Google Search Scraper: Extract SERP Rankings and Features

1.SERP data teams actually store

A rank integer alone is misleading. A keyword ranking #3 organically may appear below a featured snippet, a local pack, and two ad blocks — meaning the organic result is actually the seventh visible element. Track every SERP feature that consumes above-the-fold real estate, not just blue-link positions.

Structure your schema around feature type, not just position. A result that moves from organic position 2 to position 2 inside a local pack is a fundamentally different signal — one that a flat rank integer cannot express.

Organic position, title, display URL, destination URL, and snippet for each result
Featured snippet: extracted text, source URL, snippet type (paragraph, list, table)
People Also Ask: question text, expanded answer, and source URL per card
Local pack: business name, star rating, review count, address, phone, and map pack position
Paid ads: headline, display URL, ad label, sitelinks, and ad position (top vs bottom)
Knowledge panel: entity name, type, description, and linked properties for brand queries
Image pack, video carousel, and Top Stories blocks with their source domains
Related searches footer links (useful for keyword expansion)
Sitelinks beneath organic results for navigational queries

2.Google Search URL parameters

Construct search URLs explicitly rather than relying on redirects or autocomplete. Hard-coding every parameter reduces variance between crawl runs and makes result differences attributable to actual SERP changes rather than request inconsistency.

The most important parameters for rank tracking are hl (interface language), gl (country), and num (results per page). Keep these fixed across runs for the same keyword set. Pagination uses the start offset — Google returns 10 results per page by default, so start=10 fetches page 2, start=20 fetches page 3.

Base URL: https://www.google.com/search?q=best+crm+software
Language and country: &hl=en&gl=us — always set both; omitting them yields geo-shifted results based on proxy IP alone
Results per page: &num=10 (default) or &num=100 for bulk extraction in a single request
Pagination: &start=10 for page 2, &start=20 for page 3
News tab: &tbm=nws — returns news articles instead of web results
Image tab: &tbm=isch
Verbatim mode: &tbs=li:1 — disables spelling corrections and synonym expansion
Safe search off: &safe=off — relevant for adult content research
Reduce personalization: &pws=0 historically suppressed signed-in personalization; combine with clean residential IPs for most consistent results

3.Parsing Google result HTML

Google's HTML uses a mix of stable semantic landmarks and hashed BEM-style class names that rotate with layout updates. Organic results are wrapped in div.g or div[data-hveid] containers depending on the current layout generation. Within each card: the title is an h3 element, the destination URL is in an a[href] or cite element, and the snippet lives in div.VwiC3b or div[data-sncf] — the latter appearing in newer layouts.

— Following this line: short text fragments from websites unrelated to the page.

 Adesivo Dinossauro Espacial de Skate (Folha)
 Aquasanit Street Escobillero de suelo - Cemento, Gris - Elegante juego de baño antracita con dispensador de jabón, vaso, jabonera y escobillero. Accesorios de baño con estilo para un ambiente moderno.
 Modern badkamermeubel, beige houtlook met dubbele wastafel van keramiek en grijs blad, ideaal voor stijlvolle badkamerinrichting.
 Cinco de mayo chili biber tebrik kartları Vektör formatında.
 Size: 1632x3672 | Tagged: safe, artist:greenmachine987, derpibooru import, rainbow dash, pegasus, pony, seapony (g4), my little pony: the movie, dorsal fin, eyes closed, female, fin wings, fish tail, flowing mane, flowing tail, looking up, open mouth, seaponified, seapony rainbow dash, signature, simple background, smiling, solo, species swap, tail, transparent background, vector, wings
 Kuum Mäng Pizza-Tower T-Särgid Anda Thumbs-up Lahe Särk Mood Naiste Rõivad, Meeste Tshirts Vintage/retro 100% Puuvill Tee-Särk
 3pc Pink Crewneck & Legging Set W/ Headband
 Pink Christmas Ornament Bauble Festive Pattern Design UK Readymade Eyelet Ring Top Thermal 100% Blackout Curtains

Prefer structural selectors over hashed class names where possible. For example, targeting h3 inside a result card is more durable than targeting a class like LC20lb that may change. When Google does rotate classes, your archived raw HTML snapshots let you diff the old and new layouts to update selectors without re-crawling.

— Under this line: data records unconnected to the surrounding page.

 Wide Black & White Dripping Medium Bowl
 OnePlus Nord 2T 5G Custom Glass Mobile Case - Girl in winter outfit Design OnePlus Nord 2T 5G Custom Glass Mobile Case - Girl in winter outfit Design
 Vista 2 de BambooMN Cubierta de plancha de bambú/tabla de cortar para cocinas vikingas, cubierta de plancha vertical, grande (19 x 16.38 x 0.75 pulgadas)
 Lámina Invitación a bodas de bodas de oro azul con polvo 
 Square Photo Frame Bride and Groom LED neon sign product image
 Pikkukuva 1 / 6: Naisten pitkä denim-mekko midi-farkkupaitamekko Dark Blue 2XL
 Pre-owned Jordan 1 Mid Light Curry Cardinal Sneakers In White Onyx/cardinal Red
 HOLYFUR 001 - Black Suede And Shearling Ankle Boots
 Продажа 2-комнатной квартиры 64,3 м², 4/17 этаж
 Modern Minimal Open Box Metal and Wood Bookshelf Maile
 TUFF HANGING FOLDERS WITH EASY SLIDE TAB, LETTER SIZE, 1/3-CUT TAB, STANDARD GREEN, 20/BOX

People Also Ask blocks use div.related-question-pair with jsname attributes on the expand trigger. Featured snippets typically sit in div.xpdopen, with span.hgKElc or div.LGOjhe holding the extracted text. Local pack results appear in div.VkpGBb or div[data-cid] depending on the map integration version.

4.How Google detects automated search

Google's bot detection is primarily IP-reputation and behavioral, not JavaScript-challenge-based. Unlike PerimeterX or Cloudflare Bot Management — which inject JS fingerprinting on every page load — Google's primary gate is recognizing datacenter ASNs and high query velocity from a single IP. Once a threshold is crossed, requests are redirected to /sorry/index with a CAPTCHA.

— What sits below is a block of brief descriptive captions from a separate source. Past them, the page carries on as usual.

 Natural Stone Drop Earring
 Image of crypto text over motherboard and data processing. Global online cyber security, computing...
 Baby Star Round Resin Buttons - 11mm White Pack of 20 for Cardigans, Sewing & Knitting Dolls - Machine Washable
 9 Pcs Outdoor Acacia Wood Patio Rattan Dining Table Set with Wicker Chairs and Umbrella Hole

EU and UK users encounter a GDPR consent interstitial before results render. This consent wall alters the DOM significantly — the results container is absent until the user accepts or rejects. When scraping from a European residential proxy, this banner must be handled before your CSS selectors will match anything meaningful. OmniScrape's solver handles this automatically when mode is set to auto.

Separate mobile and desktop indexes also produce different HTML structures, not just different rankings. A selector set built against desktop layout will miss or misparse mobile result cards.

CAPTCHA redirect to /sorry/index after burst queries from datacenter IPs
GDPR consent interstitial in EU/UK regions blocking result DOM
Quarterly HTML template changes that silently break brittle class-name selectors
Personalization drift: results shift by search history, signed-in account, and IP reputation (mitigate with clean residential IPs and &pws=0)
Separate mobile vs desktop index layouts requiring different selector sets
Geo-variance: same query from different country IPs returns different result sets even with matching gl parameter

5.Scrape a SERP with OmniScrape

Use a residential proxy matching your gl parameter. If gl=us, use proxy residential:us so the IP's geolocation corroborates the locale parameter — mismatches can produce blended results. Mode auto tries fast HTTP first and escalates to a headless browser only if Google returns a consent wall or CAPTCHA, keeping costs low for clean IPs.

The css_extractor output format runs selector matching server-side and returns structured arrays in body.data.css_extracted — no HTML parsing in your application code. Each selector key maps to an ordered array of matched text values, preserving visual rank order.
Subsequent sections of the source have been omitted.